Minha mãe, enquanto professora, criava testes de matemática. Sim, criava obras de arte, pelo menos para os meus olhos. Arte no conteúdo e na forma. Não usava pincéis e tintas; utilizava papéis mágicos, com químicos roxos. A sua letra ficava marcada numa espécie de cera que depois servia de base para produzir as cópias. Escrevia por linhas direitas, sem qualquer suporte - somente o olhar e a mão. Imprimia números, símbolos e letras com aquela mesma caligrafia limpa, clara, redonda, divinal. Cada símbolo impresso, perfeito, quase inumano. Eu não consigo escrever três palavras em linha recta, muito menos em minúsculas e maiúsculas. Nunca consegui perceber ou copiar a sua técnica. Só agora entendo o porquê: naqueles gestos não havia técnica, somente existia arte, beleza, magia. Adorava aqueles momentos.
A magia só era maior quando juntos procurávamos soluções para equações e inequações. Lembro-me dela, colocando nos lábios a ponta da haste dos óculos, enquanto nos olhávamos, procurando a solução para aquele problema - qual o truque a aplicar para avançar mais um passo, qual o factor a simplificar, qual a raiz da equação. Não mordo a haste dos óculos, nem a ponta da lapiseira (compro em metal de propósito) mas faço o mesmo fixar dum ponto distante quando preciso de pensar. Por vezes dou-me a apoiar a mão no queixo, do mesmo modo que sempre a vi fazer.

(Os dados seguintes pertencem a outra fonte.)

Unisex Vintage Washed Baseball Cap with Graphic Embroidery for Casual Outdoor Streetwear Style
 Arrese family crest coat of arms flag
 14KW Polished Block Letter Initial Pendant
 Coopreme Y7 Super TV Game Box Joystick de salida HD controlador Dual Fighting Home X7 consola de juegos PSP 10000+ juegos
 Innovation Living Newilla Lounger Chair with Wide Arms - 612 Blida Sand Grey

Na altura, não tinha a menor consciência da dimensão da magia que ali se produzia, só agora, olhando os meus príncipes, posso imaginar a dor, que por vezes, estaria por detrás daquele sorriso. Havia sempre um sorriso, paixão, divertimento. Tudo o resto eu não alcançava. Só agora, escrevendo direitinho neste inodoro caderno electrónico, o poderei entender.